Auch wenn der Soldat nicht kämpft bezieht er nach seinen Gelöbnis ein Sold. Er wäre im klimasozialistischen Neusprech 2023 also ein Soldbeziehender. Was ihn von den Kriegern aus Asien und Afrika unterscheidet, welche durch Aufsagen des Wortes „Asyl“ erst Grundleistungen kriegen und dann über kurz oder weniger lang zu Bürgergeldkriegenden werden.

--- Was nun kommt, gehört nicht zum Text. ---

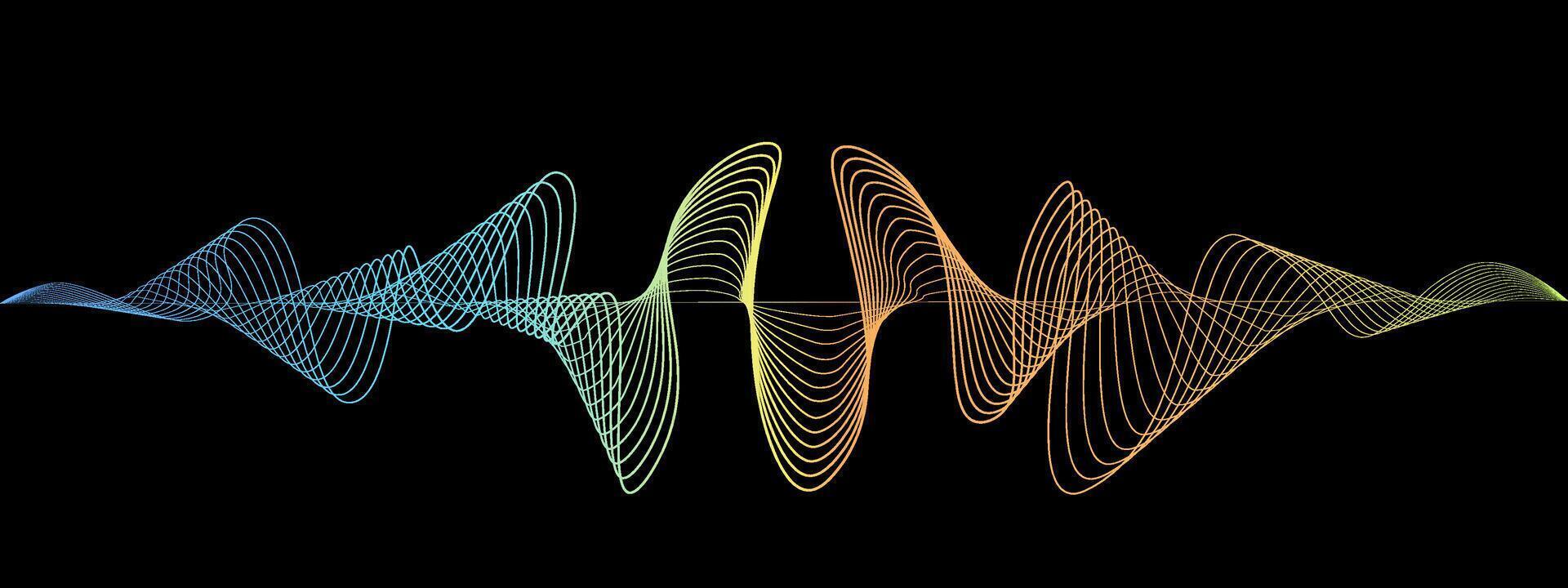 Abstract fluent wavy lines of the sound wave. Dynamic pulsating wave. Musical neon concept, symbols of the frequency of digital music. illustration on a black background vector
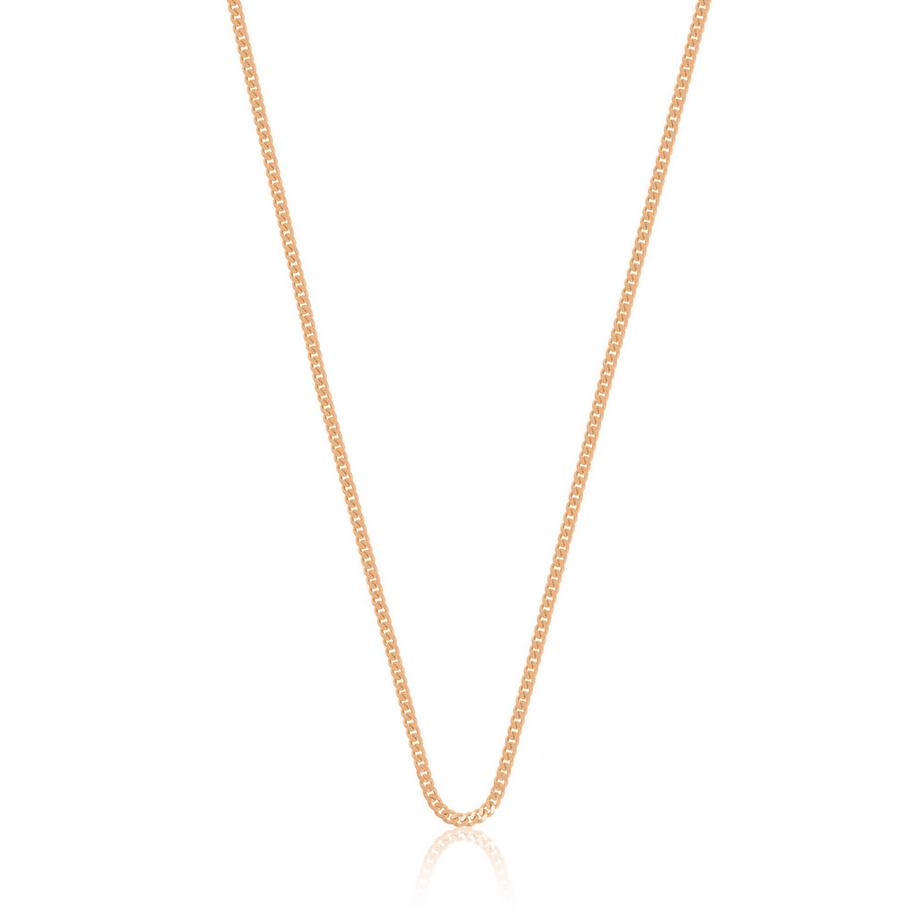 Collier gourmette or rose 750, 1.6mm, 45cm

Heiko Stadler / 23.01.2023

Dass die Anrede: “Sehr geehrte Damen und Herren” gar nicht geht, dürfte jedem klar sein, aber “Liebe Menschen” diskriminiert die Menschen, die sich als Hund oder Katze fühlen. Ideal wäre doch die Anrede “Liebe Tiere”. Schließlich ist ja auch der Mensch ein Säugetier, so wie Hunde, Katzen, Heuschrecken, Würmer und Spinnen. Noch treffender wäre aber die Anrede: “Liebes Ungeziefer”. Damit würde sich keine Randgruppe ausgeschlossen fühlen und gleichzeitig wird die Einstellung der Politik und ihrer gleichgeschalteten Staatsmedien zum Pack, dessen Aufgabe darin besteht, hart zu arbeiten, sich finanziell aussaugen zu lassen, Hassreden über sich ergehen zu lassen und die Klappe zu halten, sehr präzise ausgedrückt.

Wilhelm Lohmar / 23.01.2023

Die einzigen Nachrichten, die ich noch gewohnheitsmäßig vom ÖRR wahrnehme, sind die 06:00-Meldungen auf WDR 2. Das reicht für die folgenden 24 Stunden völlig. Eigentlich ist auch das aber schon überflüssig.